Malioboro berubah banyak, dibanding 3 tahun yang lalu. Dulu, pedagang kaki lima (PKL) menggelar dagangan mereka di selasar depan toko. Mereka berebutan dengan pedagang toko yang mengontrak mahal. Malam setelah berjualan, lapak-lapak mereka tinggalkan. Sekarang tidak lagi. Mereka sudah dipindahkan ke seberang jalan, sebelah kiri dari arah stasiun.
Pemerintah membangunkan Teras Malioboro. Bagian depan untuk pedagang suvenir, seperti lukisan dan ragam batik. Bagian belakang buat pedagang aneka kuliner. Bangunan Teras Malioboro sederhana saja, satu lantai. Bagian depan disekat-sekat sesuai kebutuhan. Bagian belakang dipasang pembatas rendah untuk penikmat kuliner lesehan.
Malam itu, Teras Malioboro ramai. Baik yang berbelanja suvenir maupun yang sekadar menikmati kuliner khas Yogya. Saya sempat bertanya kepada pedagang kuliner: apakah setiap hari mereka ramai dikunjungi? Kata mereka, “dibanding ketika di depan dulu, agak kurang Mas. Tapi, kami bersyukur semakin ke sini semakin ramai”.

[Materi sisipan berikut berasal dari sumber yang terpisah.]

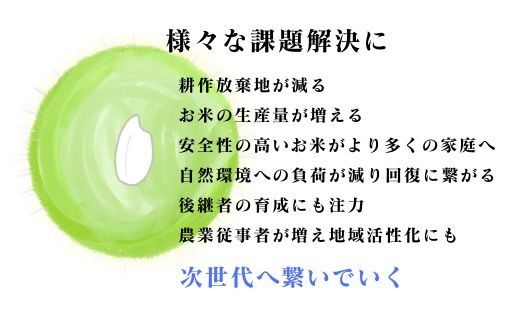 【令和7年産】四万十市産 コシヒカリ 玄米 9kg 栽培期間中農薬・ 化学肥料・除草剤不使用 国産 こしひかり 2025年産 米 こめ コメ ご飯 高知 四万十 しまんと 農家直送 蕨岡の百姓 福留壯 オーガニック 25-0016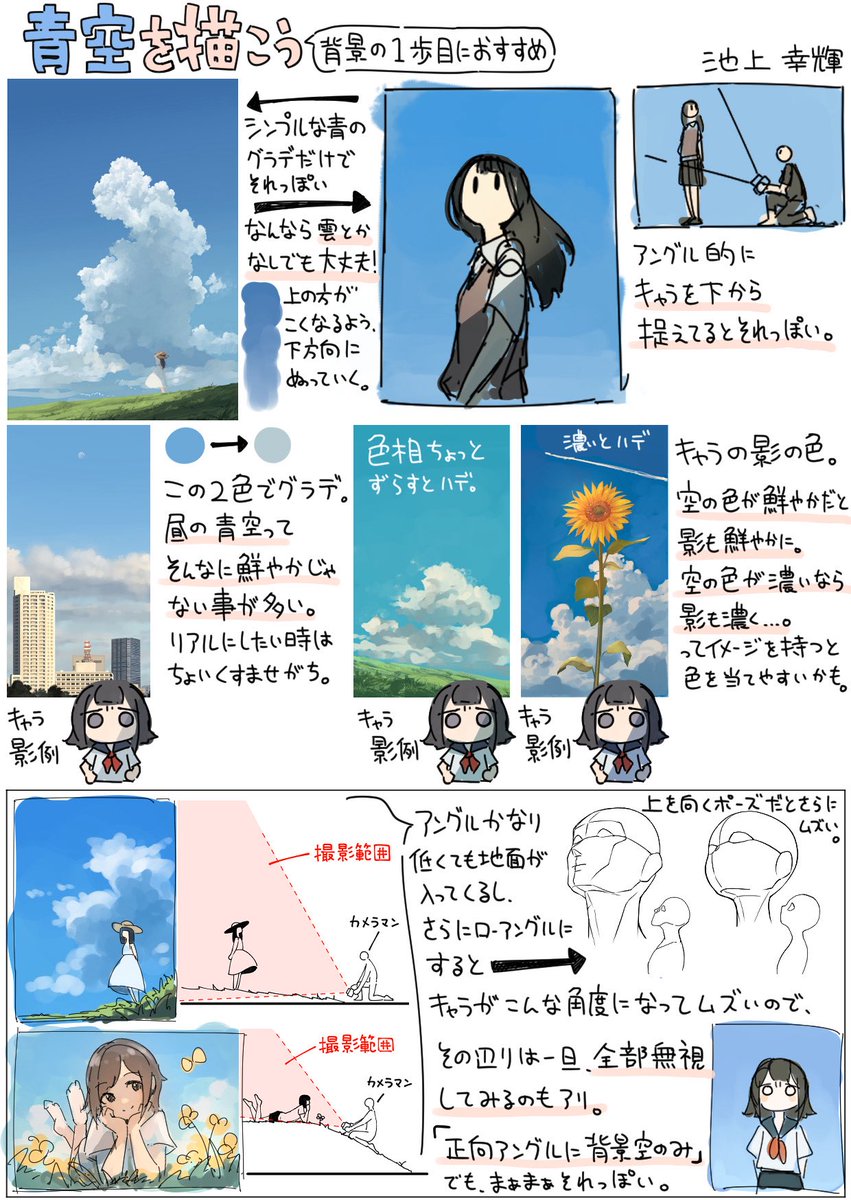 winter_parasol's tweet image. 背景描きが思う、背景初心者にオススメの背景についてまとめました。
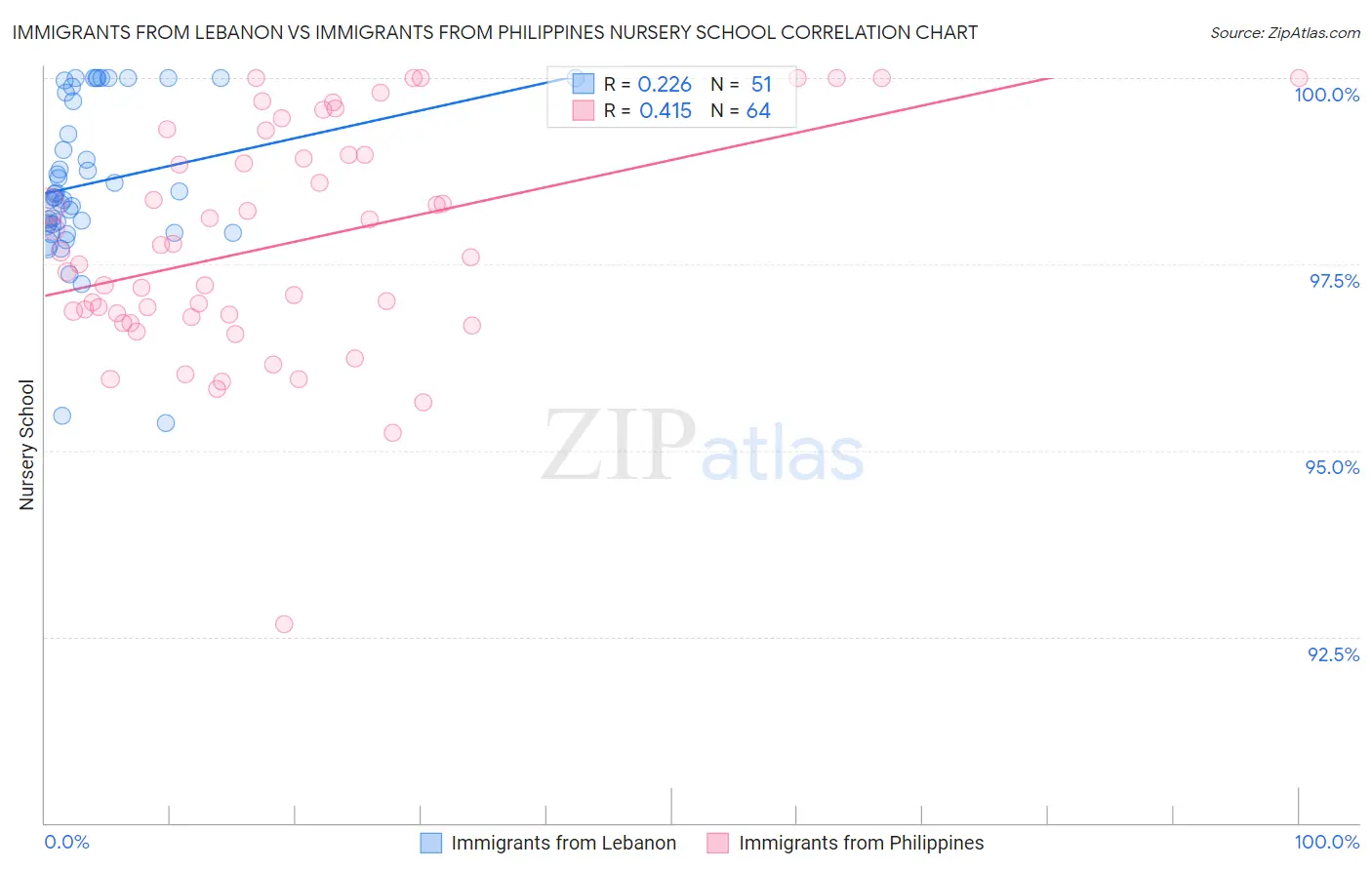Immigrants from Lebanon vs Immigrants from Philippines Nursery School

Saya ingat Victoria Market dan Paddy’s Market. Keduanya pasar tradisional di Australia yang terletak di dua kota berbeda: Victoria Market di Melbourne, sedangkan Paddy’s Market di Sydney. Kedua pasar ini khusus untuk para PKL atau pedagang yang berjualan secara tradisional. Bangunannya satu lantai, serupa ruang terbuka yang diatap untuk melindungi para pedagang dari terik panas dan siraman hujan.
Pilihan pemerintah Yogya membangunkan PKL Teras Malioboro sudah tepat. Model bangunan untuk PKL dan pedagang toko memang tidak boleh sama. Karakteristik pembeli mereka jauh berbeda yang sekaligus membentuk karakter PKL itu sendiri.